Natural rubber-poly(methyl methacrylate) interpenetrating polymer networks—morphology and mechanical properties
TL;DR: In this paper, two types of IPNs, viz. full and semi, were prepared and characterized by measurements of tensile strength, elongation at break, tensile modulus, tear strength and toughness and by scanning electron microscopy.

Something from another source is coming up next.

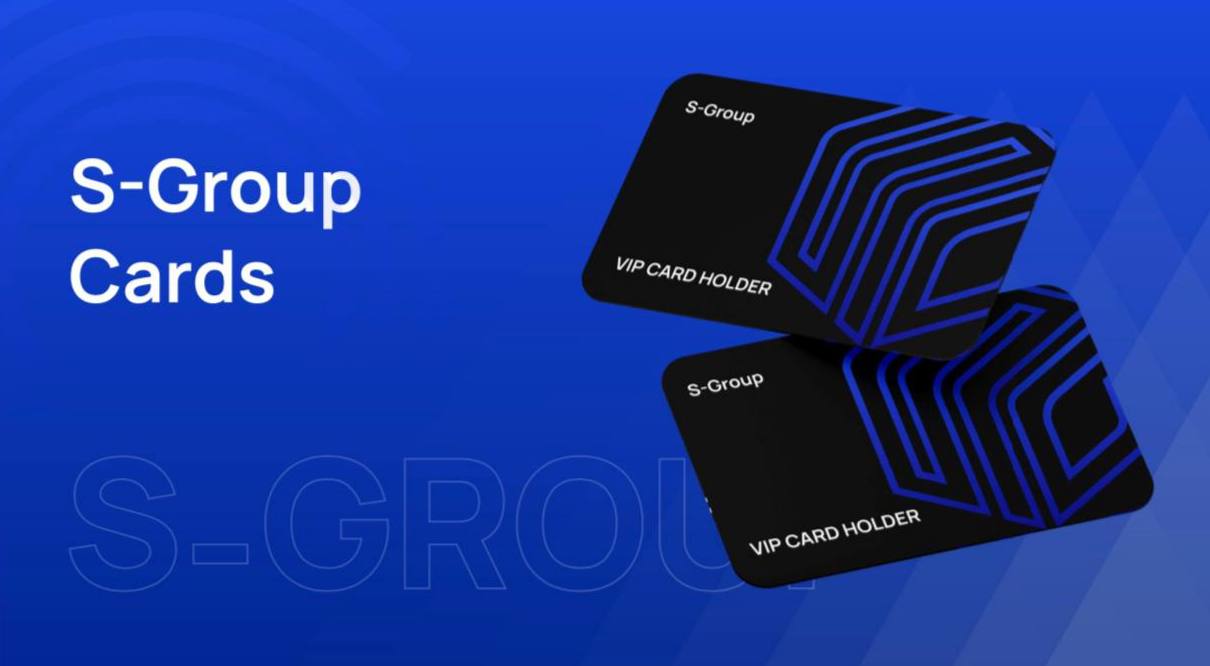 Cards group. Netac logo. CCG карточка. Card-Group.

Abstract: Interpenetrating polymer networks (IPNs) were prepared by the sequential mode of synthesis using natural rubber and poly(methyl methacrylate) as the elastomer and plastomer components respectively. Two types of IPNs, viz. full and semi, were prepared and characterized by measurements of tensile strength, elongation at break, tensile modulus, tear strength and toughness and by scanning electron microscopy. Dicumyl peroxide and divinyl benzene were used as the crosslinker of natural rubber and comonomer/crosslinker for methyl methacrylate monomer, with benzoyl peroxide as the polymerization initiator. Effects of changes of blend ratio and extent of crosslinking of both plastomer and elastomer on the properties were examined. Full IPNs were characterized by higher tensile strength, modulus, tear strength and finer phase distribution than the corresponding semi-IPNs, but the latter exhibited higher elongation at break and toughness than full IPNs.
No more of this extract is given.